Namun, keberadaanku tidak sama.
Aku tetap di dalam entitasku.
Mereka tidak tetap dalam entitasnya.
Mereka menjelmakan diri dalam berbagai bentuk.
Seperti air yang masuk di dalam cangkir yang berwarna.

(Ibnu Arabi, dalam Kitab Futuhat Al-Makkiyah, Juz 1 h 735)


Puisi di atas merupakan ilustrasi yang menggambarkan seseorang mampu melakukan perjalanan berkelana, mencari, menjelajah, berinteraksi, berkomunikasi, dan bahkan berguru kepada makhluk yang berada di alam-alam lain. Apakah mungkin seseorang bisa berkomunikasi dan saling mengambil manfaat satu sama lainnya di dalam alam yang  berbeda? Sangat nampak jawabannya, adalah mungkin. Sebagaimana dilakukan orang-orang khusus yang berhasil menembus hijab atau menyingkap tabir yang juga diisyaratkan dalam Alquran dan hadits.

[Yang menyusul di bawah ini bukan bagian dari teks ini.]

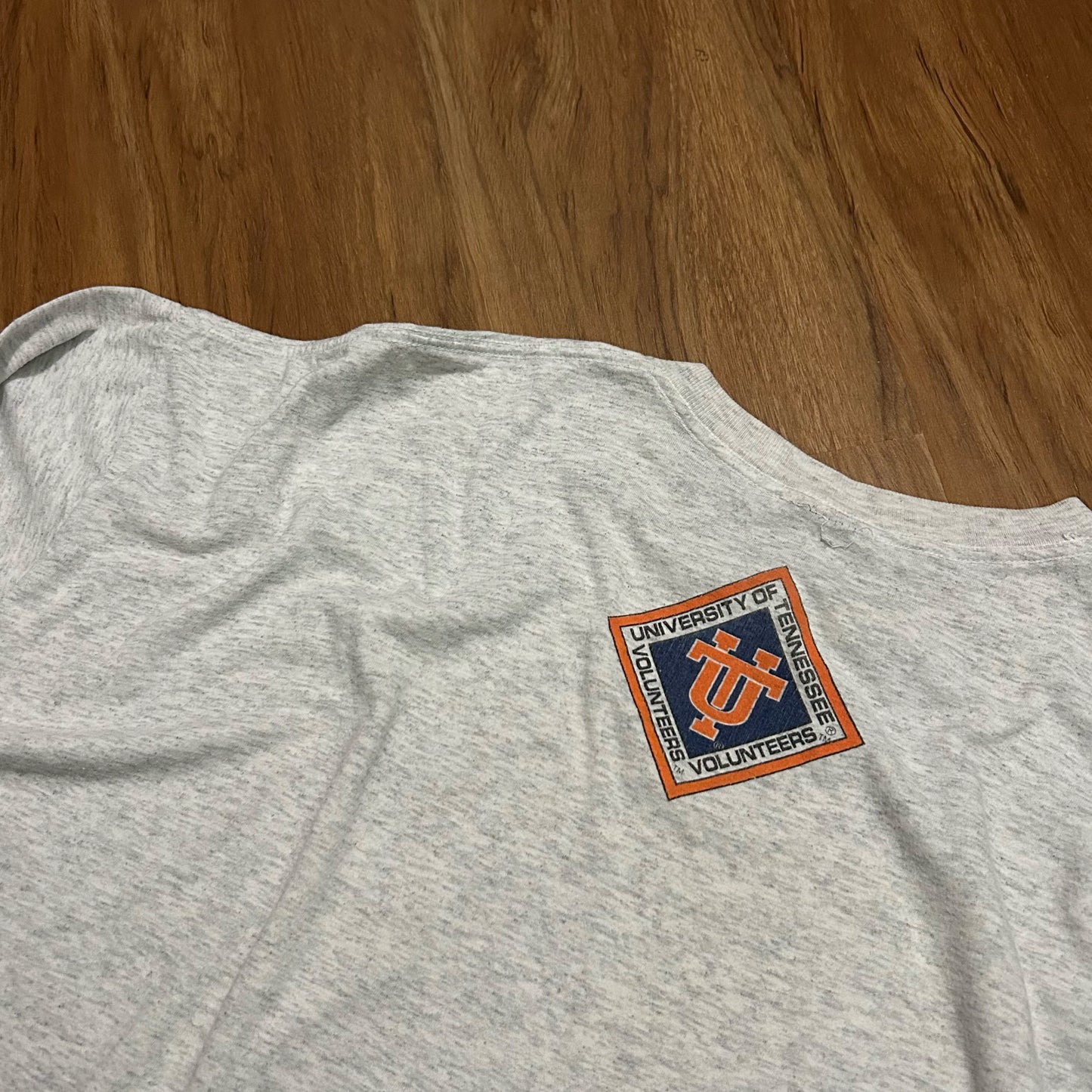 (XXL) Vintage 90s University of Tennesse Volunteers Grey Graphic T-Shirt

Ternyata tidak sedikit orang berhasil mengakses dan berkomunikasi dengan penghuni alam spiritual itu.


Pengalaman batin Ibnu Arabi yang diungkapkan dalam bentuk puisi (syair) seperti dikutip di atas, merupakan saksi nyata, bahwa alam-alam lainnya bisa ditembus, bisa ditempati  dan para penghuninya bisa saling melakukan komunikasi interaktif dengan kita secara nyata.

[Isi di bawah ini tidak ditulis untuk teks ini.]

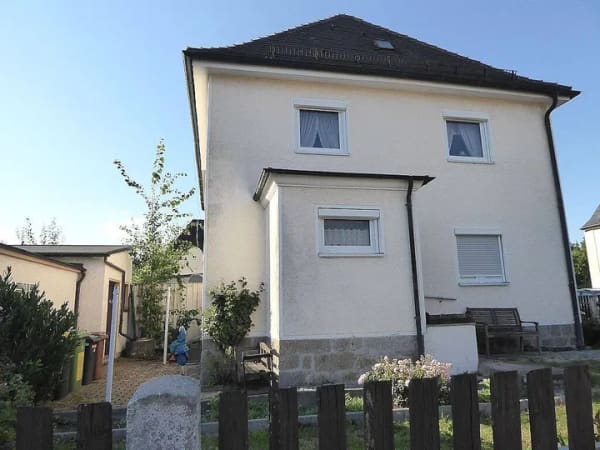 Immobilie in Kirchenlamitz - Klein, aber mein! Solide Doppelhaushälfte mit Potenzial in ruhiger Lage von Kirchenlamitz - Bild 1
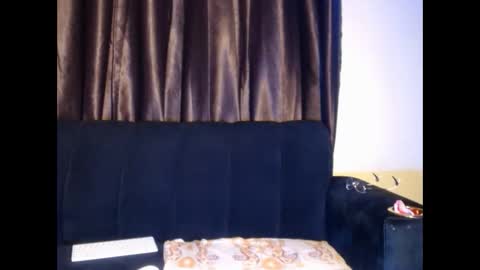 tempting_vibe online show from June 8, 12:28 am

Sebuah fakta. Ketika saya menghadiri ceramah pengajian Syekh Hisyam (dari Thariqah Naqsabandiyah Haqqani), saat itu dilaksanakan di kediaman Habib al-Mundzir Jakarta,di tengah akhir ceramanya beliau membagikan ijazah thoriqah tersebut kepada semua mustami’, dan saya ada di dalam ruangan majlis tersebut. Saat itu juga, seakan musryidku yang berada di wilayah Cirebon datang dan berkomunikasi dengan Syekh Hisyam sambil berkata, “wahai Syekh di majlis anda ada yang sudah punya thoriqah”. Langsung seketika Syekh Hisyam, menarik kalimatnya, dengan berkata: “bagi yang sudah memiliki thoriqah boleh mengambilnya sebagai tabarruk saja ya”. Di sisi yang bersamaan, mursyidku juga berpesan, dengan berkata: “jaga ideologi thoriqahmu”. Kalimat ini sangat jelas dan menggetarkan hati sanubariku. Padahal mursyidku  sangat jauh nan di sana.

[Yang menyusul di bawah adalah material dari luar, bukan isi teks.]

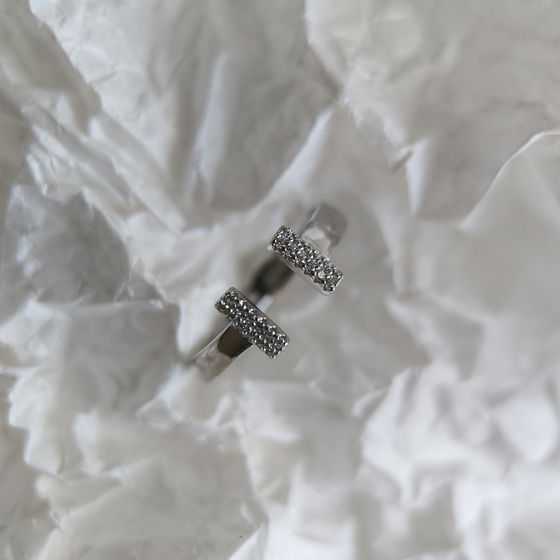 Серебряное кольцо с фианитами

Sebuah fakta lainnya. Ketika saya menghadiri ceramah pengajian Kelompok Majlis Ta’lim Ahbabur Rosul Karawang yang dipimpin oleh ustad Alwi. Pengajian tersebut dilaksanakan di Masjid Agung Karawang Jawa Barat, dalam pengajian mengundang seorang ulama besar dari murid Syekh Nadim, dalam kali ini yang diundang adalah Syekh Hisyam al-Kabbani (dari Thariqah Naqsabandiyah Haqqani), di awal ceramahnya, beliau mengatakan, bahwa beliau datang di Masjid Agung tersebut didampingingi  gurunya, Syekh Nadim al-Haqqoni (yang secara nyata sejak awal beliau hanya sendiri bersama murid-muridnya tanpa diiringi sang syekh, sebab Syekh Nadin sejak lama wafat), keduanya masuk ke masjid Agung disambut oleh seorang ulama Besar Pendiri Thoriqah Rifa’iyah, yaitu Syekh Rifa’i (yang secara nyata beliau juga adalah hidup di zaman tahun 419 Hijryah, seribu tahun yang lalu). Namun beliau, Syekh Hisyam menjelaskannya secara tegas, bahwa beliau pun merasa aneh kenapa Syekh Nadim gurunya juga ikut hadir saat masuk ke Masjid tersebut dan saya disudutkan oleh guru untuk bersalaman dengan Syekh Rifai tersebut.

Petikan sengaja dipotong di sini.